Gov. Haley Barbour commented earlier this week that there exists no federal agency or department — including the Department of Defense — whose budget is beyond reproach and cannot be streamlined.
(After his speech, Barbour made comments to reporters about Afghanistan — remarks which largely overshadowed his broader points about the DOD).
But Barbour’s larger point about spending is a sentiment shared by everyone from Don Rumsfeld to Robert Gates to Rand Paul — though some sensationalized the remark to portray the Governor as anti-war and opposed to national defense spending.
Here’s what Barbour said regarding the DOD:
Anybody who says you can’t save money at the Pentagon has never been to the Pentagon. We can save money on defense and if we Republicans don’t propose saving money on defense, we’ll have no credibility on anything else.
(An individual with ties to Barbour said his comments had less to do with gutting national defense than rooting out government largess and waste, wherever it’s found.)
To be sure, this is a legitimate issue. Thursday’s Washington Post revealed the news that a new audit of DOD expenses found the Pentagon overpaid a billionaire oilman upwards of $200 million on a handful of defense contracts.
A GAO report last year revealed the Pentagon’s Defense Logistics Agency — tasked with the acquisition and management of military equipment — was ordering more than half what was required.
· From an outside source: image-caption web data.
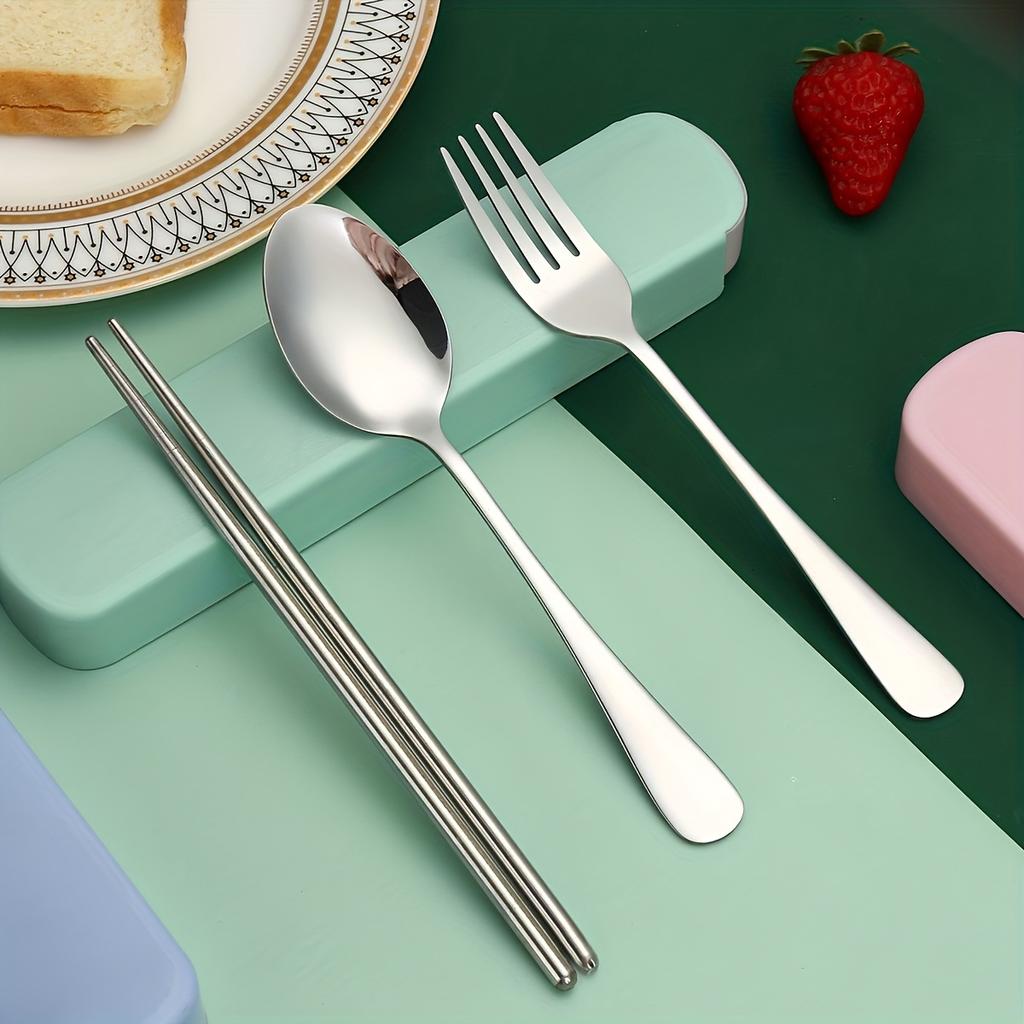 1 набор/2 набора/3 набора-Набор палочек и ложек, Портативный одинарный контейнер для хранения столовых приборов для ланча для детей начальной школы, Нержавеющая сталь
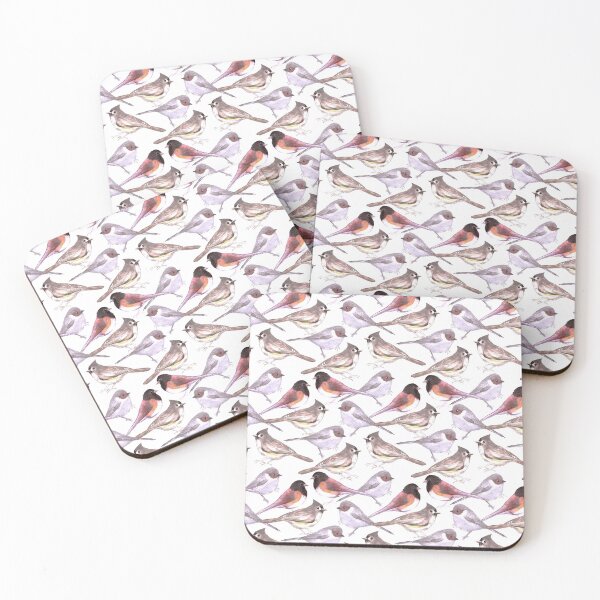Item preview, Wild titmouses bushtits and juncos in watercolor designed and sold by Shawlin Islam.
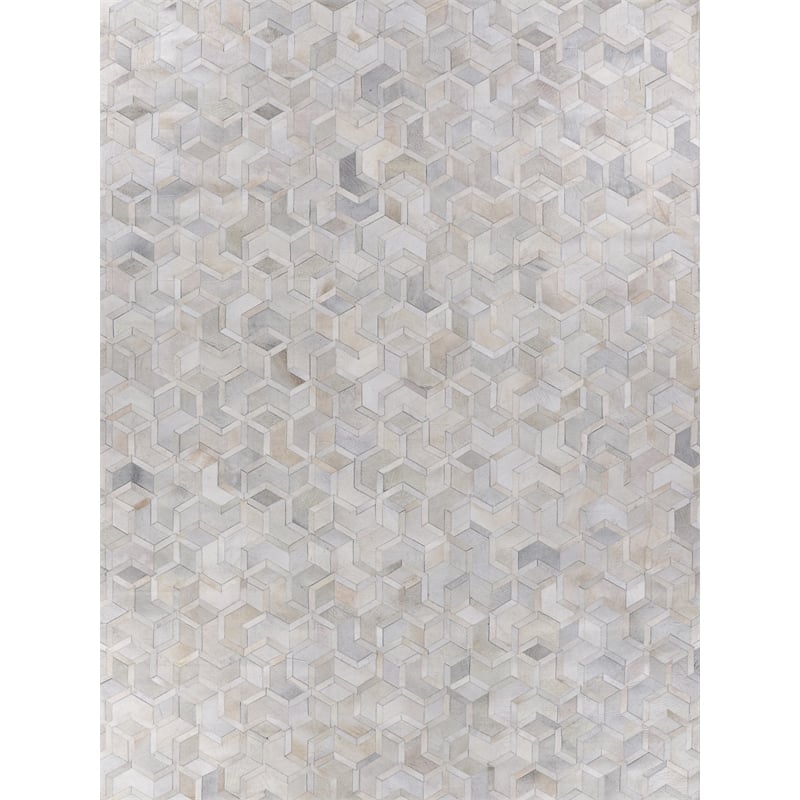 Natural Hide Hand-Tufted Leather Hide Ivory 5'x8' Area Rug
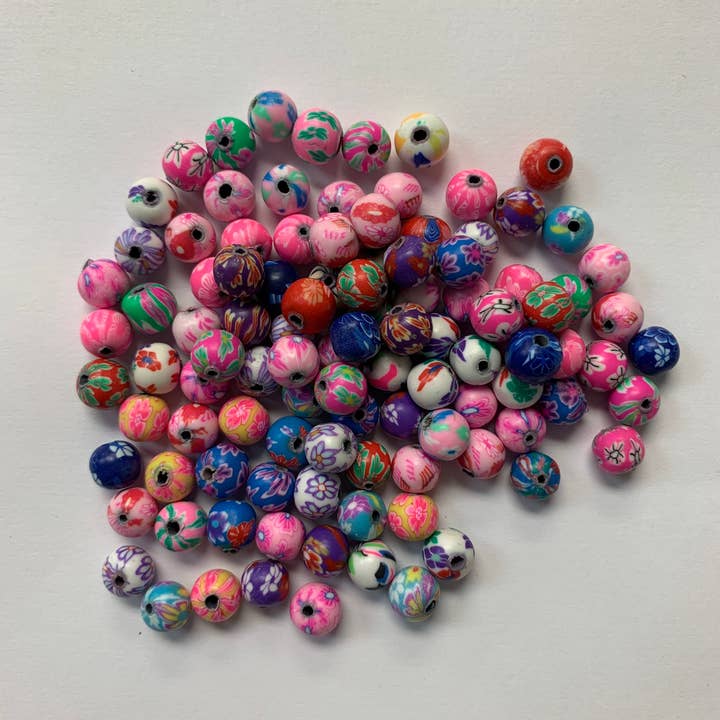 The Bead Bazaar - Wholesale Beads - 100 Bright Flower Beads, 90's Boho Accent Flower Beads, Colo2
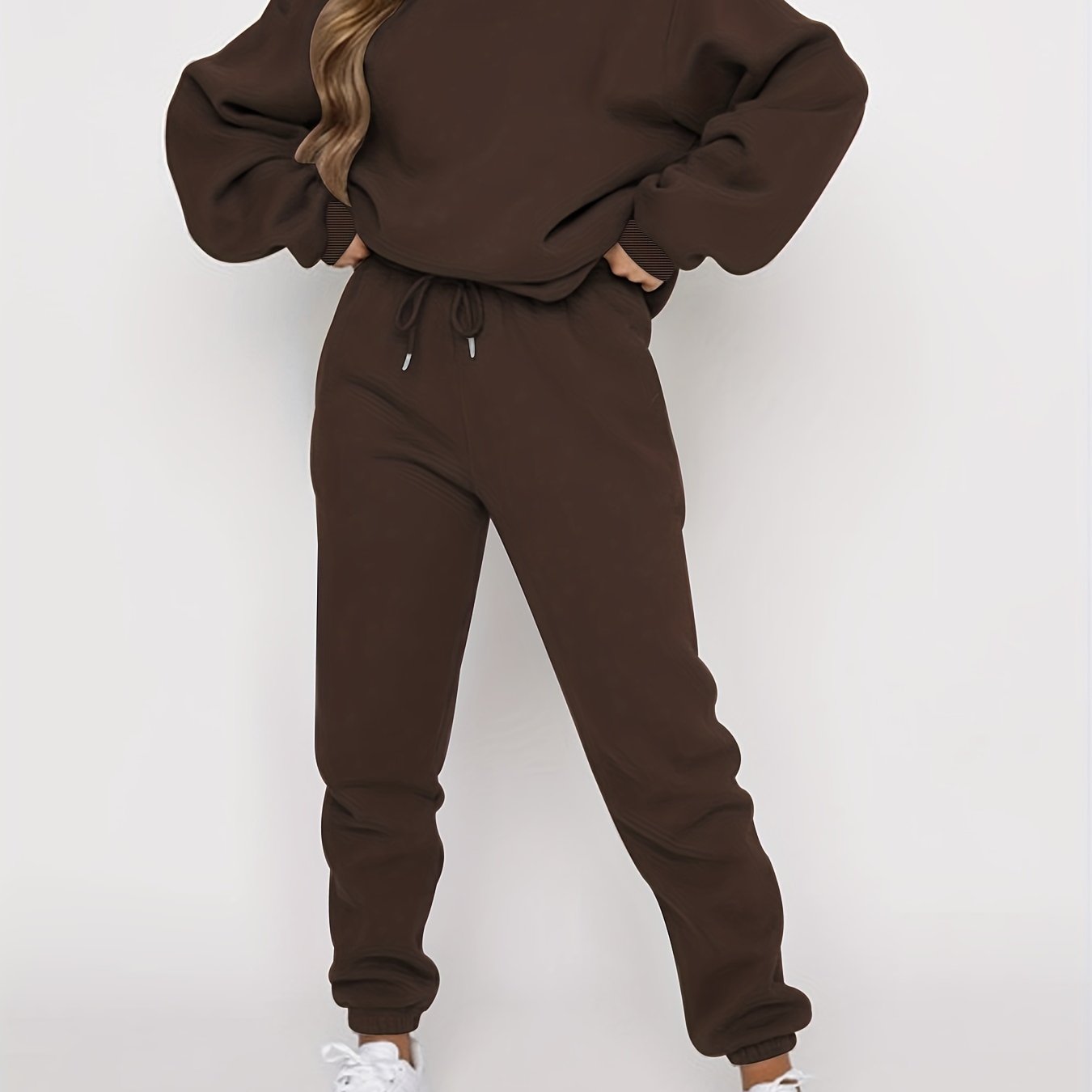 Solid Sweatshirt & Jogger Set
The agency brought in about $7 billion in supplies, though half that inventory remained in a warehouse to gather dust.
It’s a sad fact of the modern news cycle that we too often obsess over cheap controversy and pay scant attention to issues of deep substance.
The controversy over Haley Barbour’s Afghanistan remarks (and speculation regarding whether or not he was drawing a sharp contrast with the other likely GOP presidential candidates) is a fun part of the “horse race” aspect of campaign coverage, but they should not obscure Barbour’s other remarks about waste at the DOD.